日本からの直行便は週2〜5回(季節によって変動)出ていて、成田からだと約5時間半のフライトで首都ウランバートルへ到着します。

乗り継ぎ便は主に中国か韓国を経由し、羽田からの便も出ていますが、前泊が必要だったり乗り継ぎ時間が長いなどのケースもあるので、できるだけ直行便に予定を合わせた方がスムーズです。

30日以内の滞在であればビザは不要です。片道チケットでの入国も可能でしたが、確実かどうかはわかりません。ちなみに入国審査で出国チケットの提示を求められたことは一度もありません。

モンゴルの通貨と両替について


【モンゴルの通貨・トゥグルグ】

モンゴルの通貨はトゥグルグで、両替は現地にて行います。円からの両替は可能で、場所によってはトゥグルグから円にも替えてくれます。

地方の銀行では円を扱っていない場合もあるそうなので、両替はできるだけウランバートルで済ませた方が安心です。どうしても出先で替えたい場合はドルを用意しておきましょう。

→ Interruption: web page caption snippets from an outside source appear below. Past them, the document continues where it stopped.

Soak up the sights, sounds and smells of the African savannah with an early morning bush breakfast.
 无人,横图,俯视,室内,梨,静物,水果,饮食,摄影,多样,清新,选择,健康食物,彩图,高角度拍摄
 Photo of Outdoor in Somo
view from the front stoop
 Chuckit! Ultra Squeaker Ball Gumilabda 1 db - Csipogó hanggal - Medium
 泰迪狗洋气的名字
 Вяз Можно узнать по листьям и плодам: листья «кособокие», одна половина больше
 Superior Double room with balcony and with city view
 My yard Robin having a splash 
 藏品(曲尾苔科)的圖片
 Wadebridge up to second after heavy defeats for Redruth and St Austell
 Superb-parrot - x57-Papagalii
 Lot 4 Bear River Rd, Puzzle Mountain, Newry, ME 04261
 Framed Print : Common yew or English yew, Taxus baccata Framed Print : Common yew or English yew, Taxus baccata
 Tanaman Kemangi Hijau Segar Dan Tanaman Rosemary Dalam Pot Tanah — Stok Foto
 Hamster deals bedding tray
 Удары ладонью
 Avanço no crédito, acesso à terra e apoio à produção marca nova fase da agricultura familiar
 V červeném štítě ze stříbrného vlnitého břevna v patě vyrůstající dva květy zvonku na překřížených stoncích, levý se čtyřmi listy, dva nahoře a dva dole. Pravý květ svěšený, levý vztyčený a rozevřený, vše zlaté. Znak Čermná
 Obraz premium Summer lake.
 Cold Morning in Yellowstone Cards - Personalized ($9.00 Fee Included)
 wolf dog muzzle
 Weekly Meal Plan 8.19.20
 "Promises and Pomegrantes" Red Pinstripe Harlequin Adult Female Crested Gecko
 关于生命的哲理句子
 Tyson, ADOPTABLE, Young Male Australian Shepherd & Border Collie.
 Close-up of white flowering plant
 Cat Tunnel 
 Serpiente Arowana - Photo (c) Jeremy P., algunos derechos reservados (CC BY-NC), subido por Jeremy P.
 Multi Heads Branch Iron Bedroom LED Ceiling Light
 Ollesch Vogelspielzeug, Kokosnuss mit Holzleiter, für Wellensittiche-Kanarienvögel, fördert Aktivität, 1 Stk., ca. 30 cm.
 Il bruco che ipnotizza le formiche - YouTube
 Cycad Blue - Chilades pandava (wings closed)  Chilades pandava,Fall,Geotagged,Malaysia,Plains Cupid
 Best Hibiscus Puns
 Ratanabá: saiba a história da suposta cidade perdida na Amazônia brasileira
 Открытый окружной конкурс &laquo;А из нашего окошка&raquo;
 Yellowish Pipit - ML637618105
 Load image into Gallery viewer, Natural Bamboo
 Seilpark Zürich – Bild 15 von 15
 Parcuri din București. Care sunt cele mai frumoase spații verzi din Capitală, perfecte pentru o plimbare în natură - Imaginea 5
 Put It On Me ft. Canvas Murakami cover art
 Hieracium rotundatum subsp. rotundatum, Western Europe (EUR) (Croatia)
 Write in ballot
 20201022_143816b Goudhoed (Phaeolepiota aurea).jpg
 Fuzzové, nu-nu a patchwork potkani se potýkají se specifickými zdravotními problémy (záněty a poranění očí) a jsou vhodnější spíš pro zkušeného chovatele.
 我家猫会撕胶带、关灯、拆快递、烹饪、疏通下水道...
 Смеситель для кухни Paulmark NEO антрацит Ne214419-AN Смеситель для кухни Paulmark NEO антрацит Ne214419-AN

日本にトゥグルグを扱っている銀行はありません。帰国前に円に替えてくれる銀行が見つからなければ、一旦ドルで持ち帰り帰国後さらに円に両替してください。

折れた紙幣は両替不可?

ウランバートルの銀行で、数枚のドルを扱ってもらえず困ったことがありました。理由はわかりませんが、見たところ目立った汚れや切れ目はなく、真ん中にくっきりと折れ目がついていただけです。

日本の紙幣はきれいなので大丈夫だと思いますが、外貨からトゥグルグに替える際には気をつけましょう。別の両替所ではOKだったのが謎ですが、できるだけきれいな紙幣を持っておいた方がいいようです。

両替よりVISAデヴィッドカードが便利

銀行の両替よりも、VISAデヴィッドカードで口座から直接引き出す方が便利なので、最近はほとんどこちらを利用しています。

ただ地方ではATMがどこまで対応しているかわかりません。出かける際はウランバートルでじゅうぶんなトゥグルグを用意してから向かいましょう。

両替・ATM・SIMカードの場所

何でも揃うノミンデパート

ウランバートルの中心にあるノミンデパートでは、日用品やお土産のほかに、両替、ATM、SIMカード購入など、旅に必要なものがひと通り揃います。

両替所ではトゥグルグから円に替えることもできたので試してみてください。

The State Department Store

TEDYモバイルフォン・ショッピングセンター

電話のことならTEDYモバイルフォン・ショッピングセンターがおすすめです。4階建のビルにたくさんの店舗が入っていて、電話番号、SIMカード、電話機、アクセサリーの購入、修理など、モバイルに関わるものが何でも揃っています。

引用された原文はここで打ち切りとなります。